Но все же кое-что я понимал, вернее, ощущал. Например, что он гораздо интеллигентней и образованней, чем я, что за ним груз передуманных мыслей. Глухо (или я понимал глухо?) он говорил о судьбе России, поминал в связи с ней и со своими мыслями Достоевского — так, как до этого я не слышал. Помню, как он вдруг расчувствовался — рассказал, что в Москве иногда под вечер выходил на Красную площадь, проходил мимо Василия Блаженного, Исторического музея, вообще гулял по остаткам старой Москвы, и на душе светлело.

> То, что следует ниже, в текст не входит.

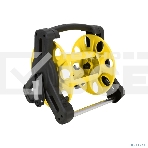 Катушка для шланга 1/2' 35м или 3/4' 25м Профи ЧЕТЫРЕ СЕЗОНА, фото3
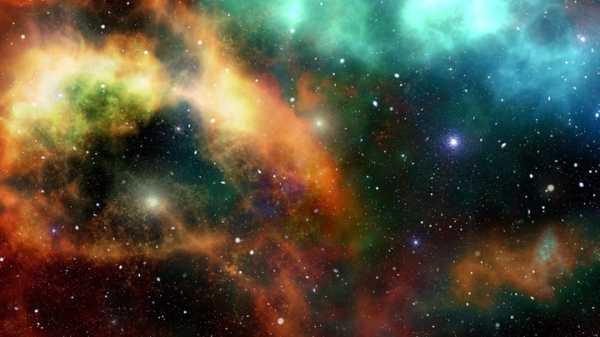 Астрофизики посчитали тёмную энергию Вселенной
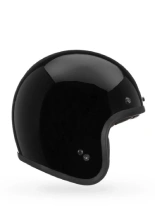 Kask otwarty Bell Custom 500 czarny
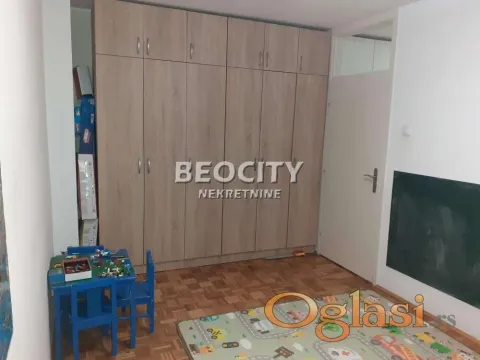 Sale, three bedroom apartment, 75m², Socijalno, Novi Sad Sve Podlokacije - image 8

Для меня тогда Красная площадь была связана только с революционными и сталинскими парадами и демонстрациями, с Мавзолеем Ленина (в котором, тем не менее, за свои 67 лет я ни разу не был — даже когда чтил «Ильича»), а такое — естественное — восприятие было в диковинку. Вроде противоречило всем представлениям. Но странно, хоть сталинский поворот к патриотизму меня раздражал, этот — вызывал симпатию. Я знаю, что есть люди, благодарные Сталину за возрождение или реабилитацию русского патриотизма. Это ошибка. Сталин так же подменял патриотизм революционностью. Эта подмененность, неподлинность и отталкивали меня. У Нефедова подмены не было, и я при всей своей дури это чувствовал и испытывал к этому патриотизму по меньшей мере уважение и интерес. Не говоря уже о том, что за этим вставало реальное чувство истории.
Почему он беседовал так именно со мной? Неужели не видел, что имеет дело с революционным лопухом, который понять его еще никак не может? Видел. Но больше не с кем было. Нет, он нисколько не относился свысока к своим товарищам: ни к их уму, ни к их чувству юмора да и самого языка. Но во мне он, видимо, разглядел наклонность к тому ракурсу рассмотрения проблем, в которой сам нуждался. Разумеется, в потенции разглядел. Остальных этот ракурс — обобщенное рассмотрение проблем — интересовал не очень. Интеллектуальность — это не наличие ума, бывают и глупые интеллектуалы, а стремление понимать характер интереса к истине. Думаю, что некоторую, пусть и неуклюжую, но подлинную потребность понимать он во мне и почувствовал. На безрыбье и я сгодился. Считаю, что мне повезло.
Я не знаю, почему этот человек связал свою судьбу со станком и лекальной пастой (этой пастой трут хорошо отшлифованную стальную поверхность, чтобы снять последние лишние микроны). Конечно, и тогда встречались начитанные и культурные рабочие (а сейчас по языку часто вообще бывает трудно быстро определить уровень образованности, а тем более социальный статус человека), но это был другой случай. Здесь образованность явно была приобретена раньше рабочей квалификации.
По-видимому, «дядя Миша» был одним из тех, кто должен был в цеху замаливать грех социального происхождения. Почему, подобно многим, он не вырвался из этого состояния потом — не захотел или почему-либо не смог — не знаю. Он мне о себе вообще никогда не рассказывал. Все это я думаю о его судьбе теперь, но, вероятно, чувствовал и тогда, хотя вряд ли додумывал. И хотя выходило, что он человек, пострадавший от революции, а это в моих глазах вроде бы не красило, все равно он мне нравился. Идеология смущенно отступала.
Но дядя Миша хотя бы избегал прямого отрицания моих верований. А ведь был у меня в Симу, пусть не в цеху, но на заводе, товарищ, который все это мое мировоззрение подавлял здравым смыслом и к которому я все же чувствовал только симпатию.